Hi Chris,

Great suggestion. As it turns out, however, when we've looked at this in the 
past, it simply shifts the problem from one place to another. I'll walk though 
the issues because it is helpful for us all to understand what we're up against.

Consider a single file with 100K nulls, followed by 150K Varchars. Drill works 
in batches and will send a series of, say, 5 batches to the client (each with 
50K records). The client will start by seeing 2 batches of nulls. The app using 
JDBC or ODBC, needs to know the type to know how to allocate memory for the 
data. But, what type?

Later, when Drill sees the first Varchar, it can change the type from, say, 
batch 3 onwards.

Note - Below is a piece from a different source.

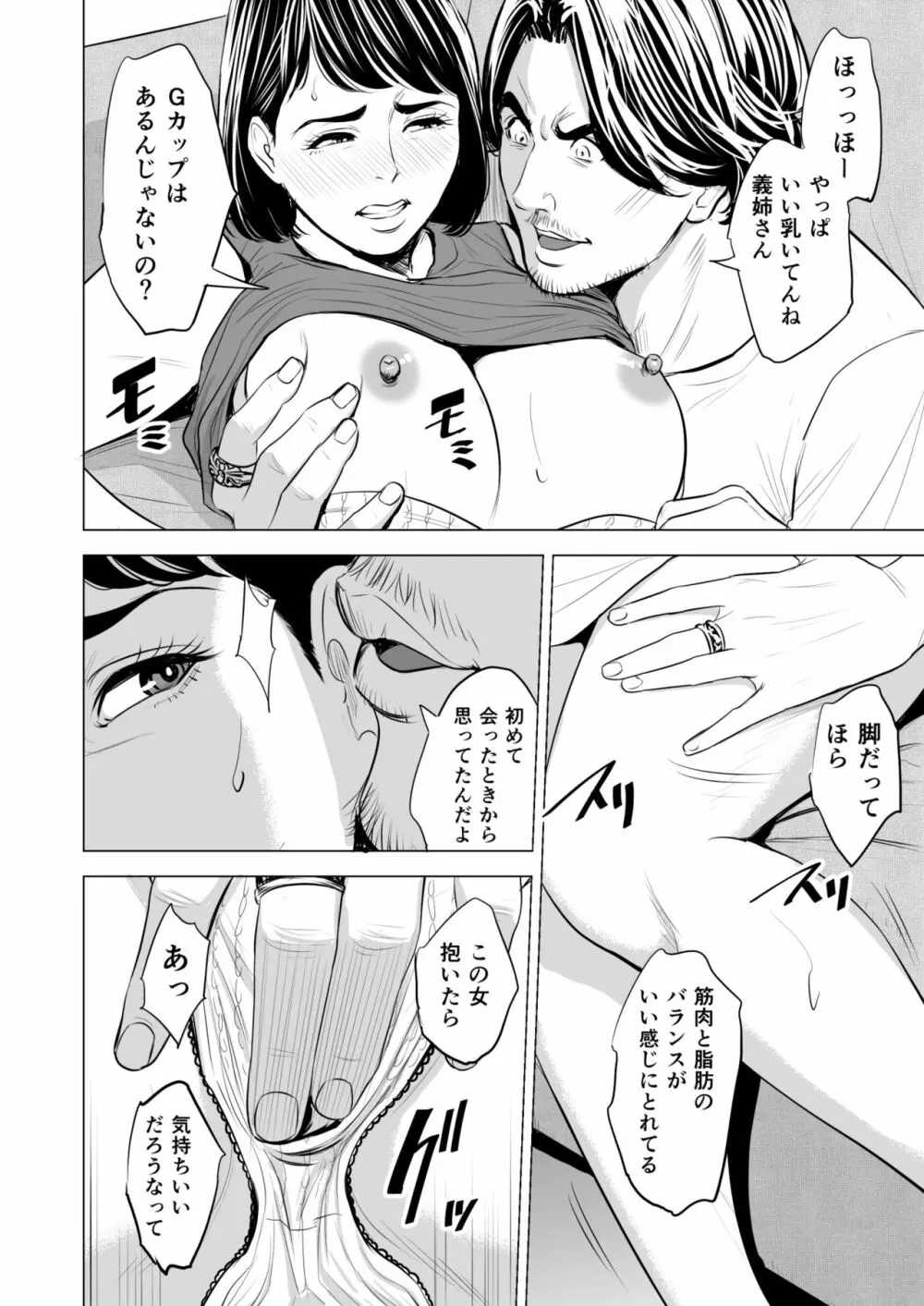 義弟が私を女にする - page27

But, JDBC and ODBC generally require the schema be known up 
front, so they would have to predict the future to know that a Varchar will 
eventually appear.

Drill could buffer the result set, waiting for the schema change. Once it 
occurs, Drill could rewrite the prior data to the newly discovered type. But, 
since Drill has no idea when (or if) a schema change will occur, and data could 
be unlimited in size, Drill would have to buffer the entire result set, 
impacting latency since, in the general case, the entire result set would be 
spilled to disk, then read back, before the first records are sent to the 
client.

JDBC, at least, allows the idea of multiple result sets (used for stored 
procedures.) Drill could send a first result set with NULL as the type, then a 
second when the type changed to Varchar. This then pushes the schema change to 
the app using JDBC, but most are not set up to handle multiple result sets. 
(Indeed, what would the app do if it requires tabular data with consistent 
types?)

Within Drill, suppose that the query includes a sort, and that memory limits 
require spilling. The first two batches with just null will be spilled to disk 
in one format. Third and later batches have a different schema. So, the code 
that handles spilling must merge the two types. Not a big problem, but the fix 
must be applied in multiple places in different ways. Very difficult to test 
all the resulting combinations and permutations.

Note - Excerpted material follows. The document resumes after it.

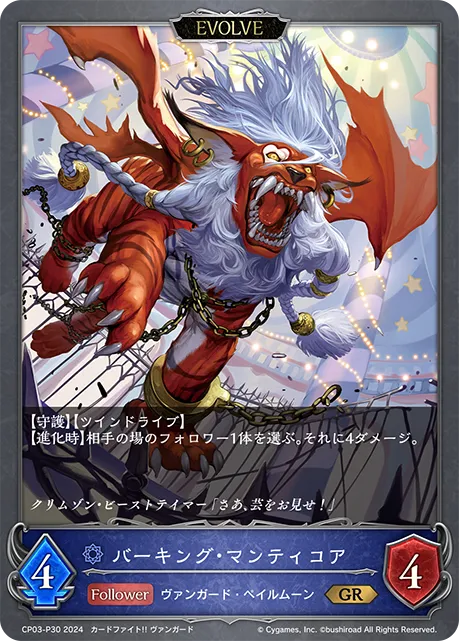 Barking Manticore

Suppose that the file in question is a CSV file that can be split and we have, 
say, five concurrent readers, each reading 50K records.  Two readers read the 
nulls and shuffle these to other nodes. Three readers read the Varchars and 
shuffle the data to other nodes. The receiving nodes sees, effectively, a 
random arrival of data: some start with Varchar, followed by null, some the 
other way around. Again, we could write code to merge these types in each 
receiver.

But, if we scale up the file, we may find that some receivers go many batches 
of nulls before they see a Varchar, which pushes the problem up the DAG, 
eventually to the client, as described above.

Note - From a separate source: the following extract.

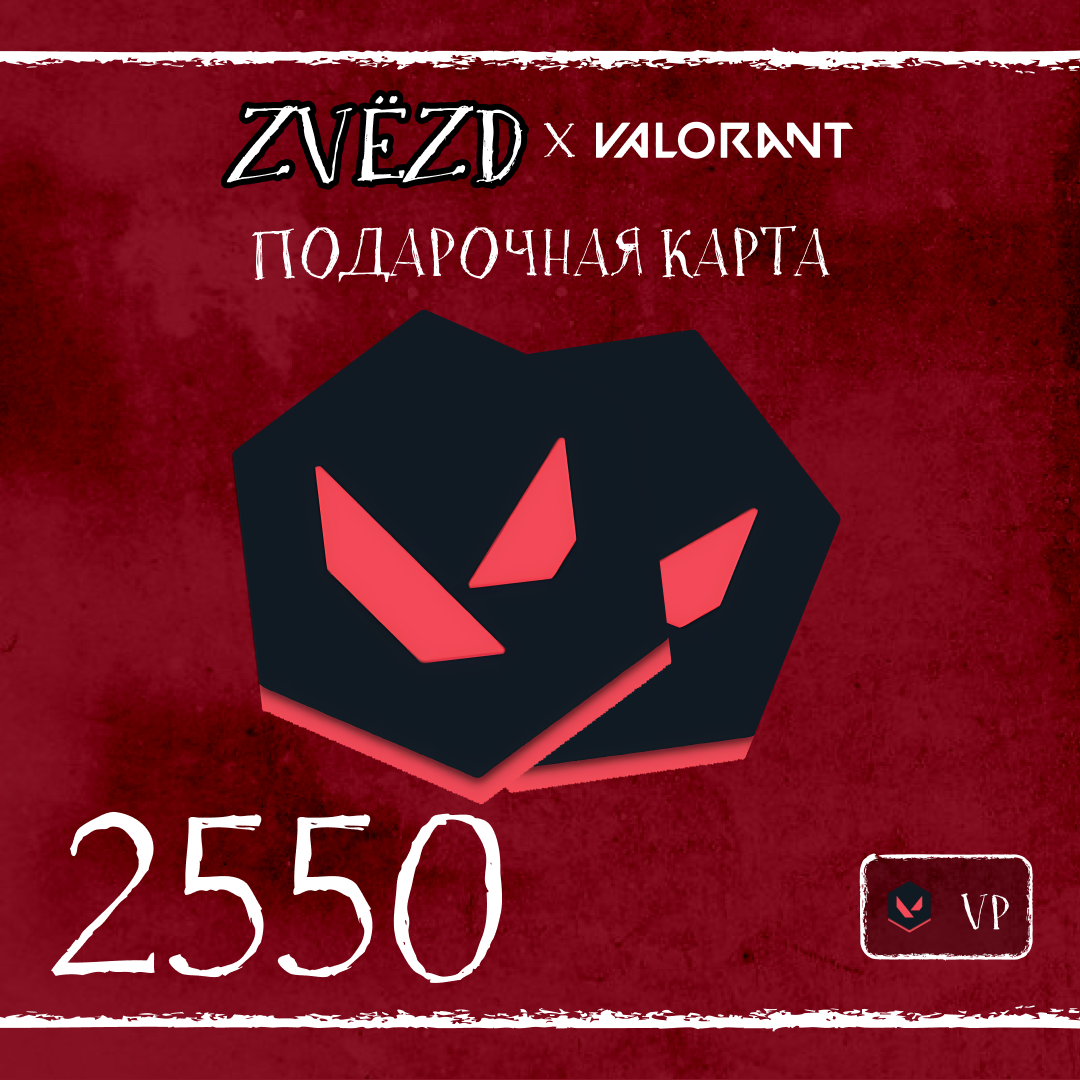 2550 VP ключ активации - ZVЁZD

We seem to be forced into the conclusion that the only solution is to predict 
the future (so we know to use the Varchar in the reader, even when we see nulls 
from the file). The only way to do that (without access to time travel) is for 
metadata to tell us that, "data for this column, when it eventually appears, 
will be Varchar."

Does this make sense? Are we overlooking an alternative solution?

Thanks,
- Paul

 

    On Tuesday, August 21, 2018, 3:45:55 PM PDT, Chris Cunningham 
<cunningham...@gmail.com> wrote:  
 
 Hi.  Mostly off topic, but reading about this issue has finally prompted a
response.

On Wed, Aug 15, 2018 at 5:46 PM Paul Rogers <par0...@yahoo.com.invalid>
wrote:
<snip>

> If we provide schema hints ("field x, when it appears, will be a Double"),
> then Drill need not fight with the problem that the data will be Double in
> some files, Nullable Int in others. The schema hint removes the ambiguity.
>
</snip>

How hard would it be to have drill 'fix' the null Int problem by just
noting it is nullable with no other type information assumed until it
encounters that type, and then require that type from then on?  If an
entire file has only null's, then it doesn't define the field at all - only
files that have the type define the field, and then when they are combined
later, IF there are conflicting non-Null fields will the error be thrown?